One set of arrests took place February 9th, where police responded to a call about a burglary in process at a house on the 4900 block of North Minnesota. When the police called the property owner, he said no one was supposed to be in the house, so police arrested the two occupants with trespassing. Police report that inside the house they also found material "indicating links to the local Anarchist movement, as well as addresses of other local vacant houses, boxing and mixed martial arts sparring equipment, and literature about picking and defeating locks." I asked Police Spokesman Detective Pete Simpson to clarify was sort of Anarchist links were found and he replied that he does not have specifics, but believes the materials were flyers and artwork.

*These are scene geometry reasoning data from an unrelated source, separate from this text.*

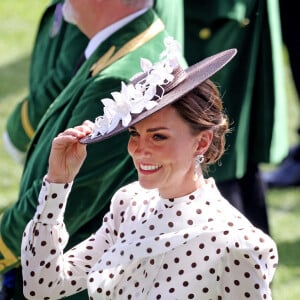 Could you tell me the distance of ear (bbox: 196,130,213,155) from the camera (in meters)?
3.28

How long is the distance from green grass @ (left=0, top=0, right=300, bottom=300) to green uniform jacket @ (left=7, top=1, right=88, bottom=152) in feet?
4.76

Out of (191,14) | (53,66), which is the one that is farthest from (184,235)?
(191,14)

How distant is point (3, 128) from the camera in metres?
8.00

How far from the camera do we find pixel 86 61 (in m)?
4.19

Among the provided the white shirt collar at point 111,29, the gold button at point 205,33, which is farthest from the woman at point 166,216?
the gold button at point 205,33

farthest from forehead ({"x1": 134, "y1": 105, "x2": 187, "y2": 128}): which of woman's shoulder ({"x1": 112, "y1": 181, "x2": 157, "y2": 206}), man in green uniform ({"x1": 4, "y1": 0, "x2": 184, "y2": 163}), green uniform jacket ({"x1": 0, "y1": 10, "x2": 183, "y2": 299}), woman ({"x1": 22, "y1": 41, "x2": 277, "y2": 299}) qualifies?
man in green uniform ({"x1": 4, "y1": 0, "x2": 184, "y2": 163})

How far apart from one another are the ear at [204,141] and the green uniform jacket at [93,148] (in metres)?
0.73

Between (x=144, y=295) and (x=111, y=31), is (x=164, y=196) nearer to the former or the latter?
(x=144, y=295)

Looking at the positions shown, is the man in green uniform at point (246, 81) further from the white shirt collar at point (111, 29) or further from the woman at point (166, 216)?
the woman at point (166, 216)

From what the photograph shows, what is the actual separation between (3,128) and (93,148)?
13.4ft

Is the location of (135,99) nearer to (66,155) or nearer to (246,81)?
(66,155)

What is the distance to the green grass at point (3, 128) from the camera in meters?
5.96

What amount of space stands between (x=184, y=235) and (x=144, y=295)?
17cm

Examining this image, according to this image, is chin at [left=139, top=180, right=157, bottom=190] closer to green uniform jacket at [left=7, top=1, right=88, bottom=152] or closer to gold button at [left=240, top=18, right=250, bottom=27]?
green uniform jacket at [left=7, top=1, right=88, bottom=152] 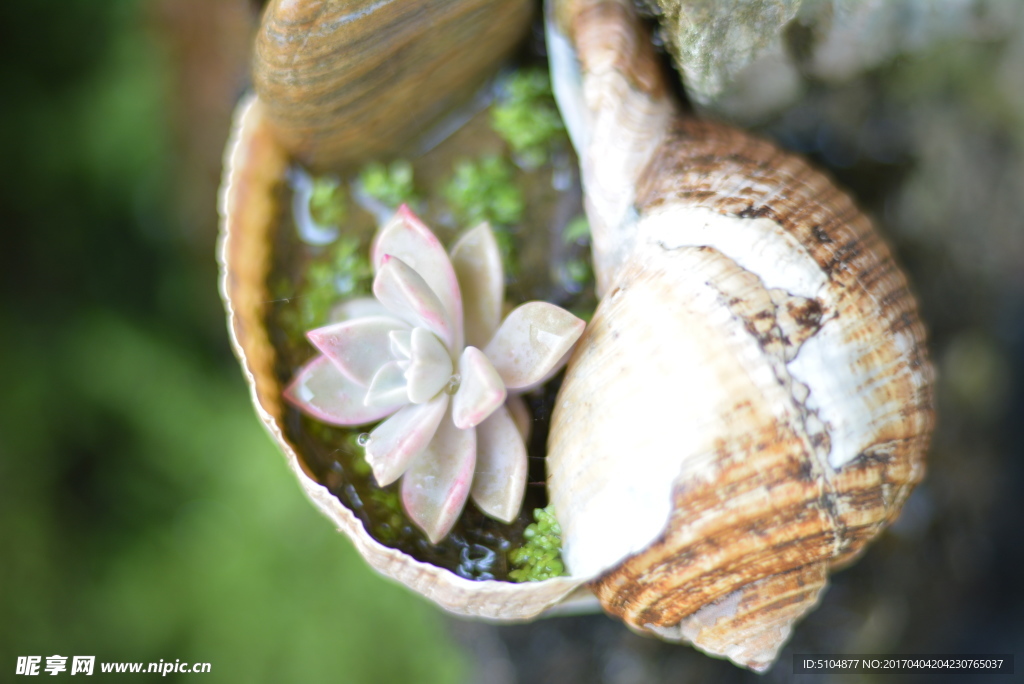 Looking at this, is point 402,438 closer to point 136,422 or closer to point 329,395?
point 329,395

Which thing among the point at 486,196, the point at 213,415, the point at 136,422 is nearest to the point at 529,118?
the point at 486,196

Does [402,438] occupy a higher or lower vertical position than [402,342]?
lower

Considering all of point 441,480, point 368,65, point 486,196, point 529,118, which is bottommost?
point 441,480

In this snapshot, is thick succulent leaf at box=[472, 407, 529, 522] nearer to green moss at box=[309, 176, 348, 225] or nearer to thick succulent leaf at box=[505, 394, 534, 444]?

In the second arrests, officers from the neighborhood response team and Multnomah County Deputy District Attorney Jim Hayden cleared a vacant house near NE 14th and Killingsworth of its three temporary inhabitants. Officers say they found this strange letter inside: "For the better part of 2011 the squatter community in Portland has been focused upon houses owned by an elderly bankrupt lady named [name withheld by Portland Police]. The idea was that we might have a better chance at survival if the landowner was, as our research could tell, a batty old lady and her bed ridden husband."

In November, police responding the neighbor complaints arrested two people for trespassing at a foreclosed home right nearby.